Another example is the reports the Globe did on the 75 State Street affair involving Billy Bulger who in his book While the Music Lasts noted that:”In fewer than four months . . . the Globe, under nineteen different bylines, had printed sixty-nine articles about 75 State Street, most of them on page one. It had also published six editorials, two columns on its op-ed pages and five cartoons.” Testimony in Whitey Bulger’s trial showed a Spotlight Team reporter was in continuing contact with an FBI supervisor urging him not to close down his investigation of Billy Bulger even though he had found no criminal wrongdoing.
The U.S. Attorney’s office’s AUSA Fred Wyshak following the Globe’s ongoing pressure would indict the head of the Probation Department, John O’Brien, and two of subordinates for racketeering. Their crime was sending out rejection letters to people who didn’t get the jobs who were allegedly more qualified than those who were hired. They face 20 years in prison.
Wyshak said last Friday according to the Globe: “”This case is about falsifying documents” to hide the rigged hiring system. . . . “The crime is the fraud, the falsifying documents.”” I assume the rigged hiring system means the use of patronage which is another word for such a thing. How does that amount to the federal crime of racketeering?
The Globe’s article also led to O’Brien being indicted by the Massachusetts attorney general on other charges. He was acquitted after trial. (The Globe while noting he was indicted on its summary page of the Probation Department matters fails to note this acquittal .)
Now here’s the problem when a newspaper like the Globe develops a sinister, one-hand-washes-the-other relationship with the U.S. attorney. The case is its baby, and hopefully it’ll lead to the promised land of a Pulitzer so it dare not print anything that detracts from that goal. It has to become a cheer leader for the prosecutors.
Over the last week the underbelly of this type of quid pro quo dealings has become clear. The Boston Herald finding a little courage of its own and throwing off its bootlick attitude to the Globe, has been covering the Probation Department hearings. On Sunday, its columnist Peter Gelzinis noted how Carmen Ortiz herself clearly was not the most qualified person to be named U.S. Attorney.
Prior to then the Herald has been covering the hearings in the O’Brien case where defense counsel are starting to hone in on the absurdity of the allegations. The prosecution has been sitting on lists of people who also got jobs through patronage which they have finally turned over to defense counsel. The Globe seemed to reluctantly cover the hearing last Friday. Where the Herald told how counsel “waved a roughly 40-page “sponsors” list which seemed to be the main subject of the hearing that was hardly mentioned in the Globe.

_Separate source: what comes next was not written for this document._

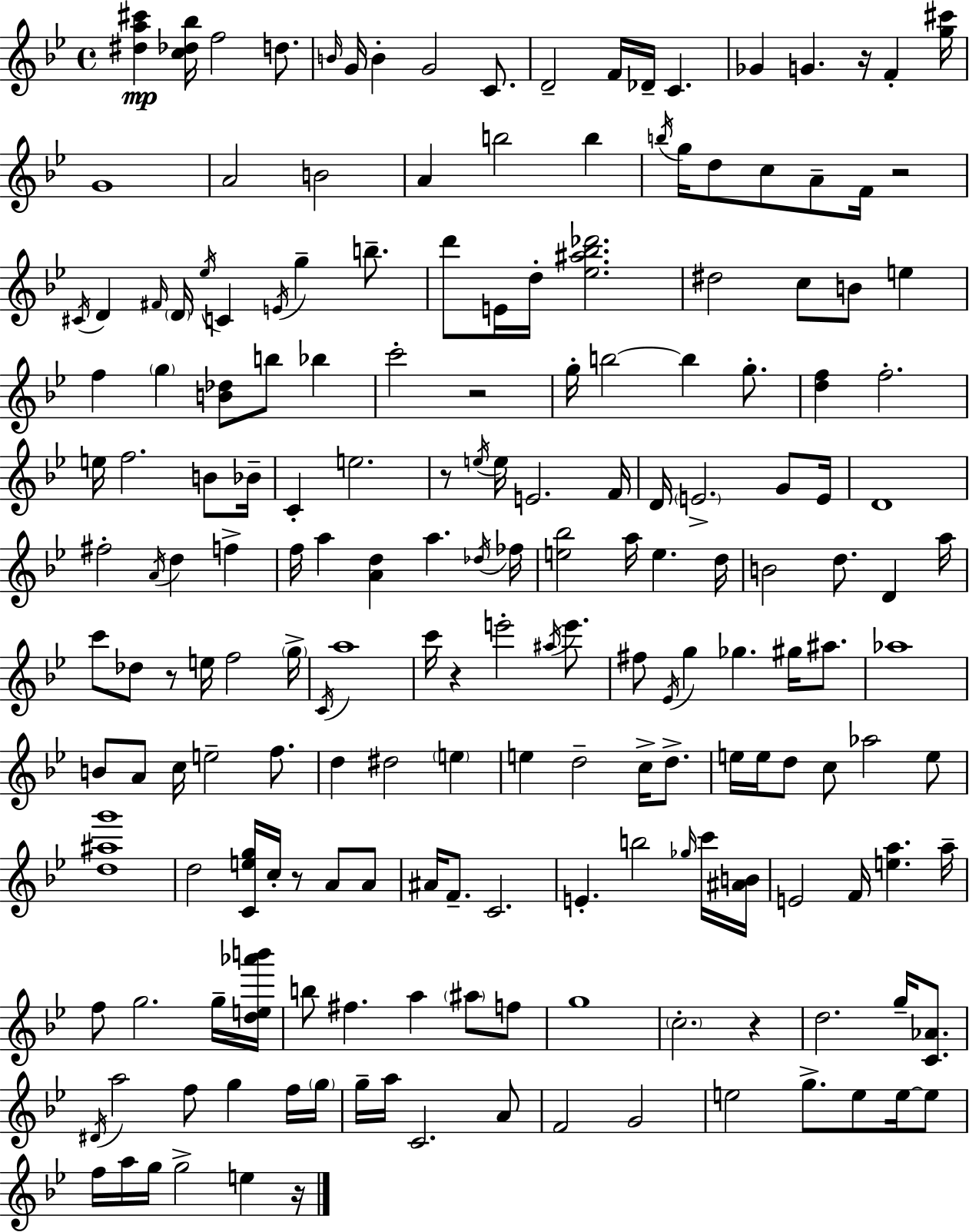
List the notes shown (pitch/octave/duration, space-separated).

[D#5,A5,C#6]/q [C5,Db5,Bb5]/s F5/h D5/e. B4/s G4/s B4/q G4/h C4/e. D4/h F4/s Db4/s C4/q. Gb4/q G4/q. R/s F4/q [G5,C#6]/s G4/w A4/h B4/h A4/q B5/h B5/q B5/s G5/s D5/e C5/e A4/e F4/s R/h C#4/s D4/q F#4/s D4/s Eb5/s C4/q E4/s G5/q B5/e. D6/e E4/s D5/s [Eb5,A#5,Bb5,Db6]/h. D#5/h C5/e B4/e E5/q F5/q G5/q [B4,Db5]/e B5/e Bb5/q C6/h R/h G5/s B5/h B5/q G5/e. [D5,F5]/q F5/h. E5/s F5/h. B4/e Bb4/s C4/q E5/h. R/e E5/s E5/s E4/h. F4/s D4/s E4/h. G4/e E4/s D4/w F#5/h A4/s D5/q F5/q F5/s A5/q [A4,D5]/q A5/q. Db5/s FES5/s [E5,Bb5]/h A5/s E5/q. D5/s B4/h D5/e. D4/q A5/s C6/e Db5/e R/e E5/s F5/h G5/s C4/s A5/w C6/s R/q E6/h A#5/s E6/e. F#5/e Eb4/s G5/q Gb5/q. G#5/s A#5/e. Ab5/w B4/e A4/e C5/s E5/h F5/e. D5/q D#5/h E5/q E5/q D5/h C5/s D5/e. E5/s E5/s D5/e C5/e Ab5/h E5/e [D5,A#5,G6]/w D5/h [C4,E5,G5]/s C5/s R/e A4/e A4/e A#4/s F4/e. C4/h. E4/q. B5/h Gb5/s C6/s [A#4,B4]/s E4/h F4/s [E5,A5]/q. A5/s F5/e G5/h. G5/s [D5,E5,Ab6,B6]/s B5/e F#5/q. A5/q A#5/e F5/e G5/w C5/h. R/q D5/h. G5/s [C4,Ab4]/e. D#4/s A5/h F5/e G5/q F5/s G5/s G5/s A5/s C4/h. A4/e F4/h G4/h E5/h G5/e. E5/e E5/s E5/e F5/s A5/s G5/s G5/h E5/q R/s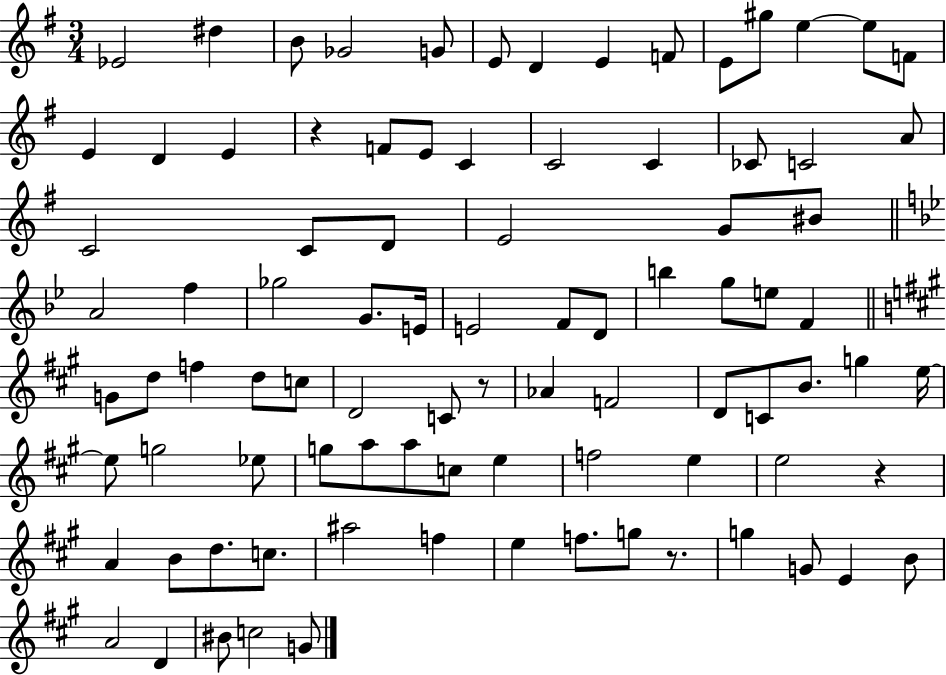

The O’Brien case involves issues similar to those seen in Whitey Bulger’s case. A judge with a relationship that brings into question his impartiality; the prosecutor doing judge shopping to bring the case before a judge he prefers; and the long delays in producing relevant documents. The defense lawyers seem to be quite aggressive in asserting their clients rights which is very necessary to a fair trail. They seem to be able to show that patronage appointments are common in Massachusetts and to pick out the probation people can only be justified by the Globe’s influence in the case. One wonders why defense counsel have not asked for all communications between the Globe and the U.S. Department of Justice relative to this case.
One thing we know for sure is the Globe has a dog in the fight so its coverage will be tainted by this as it was with both the case against John Connolly and Whitey Bulger. But for once there will be a chance to find the truth since it seems the Boston Herald at least this one time may not dance to the Globe’s tune and will give us a true view of the trial. That remains to be seen.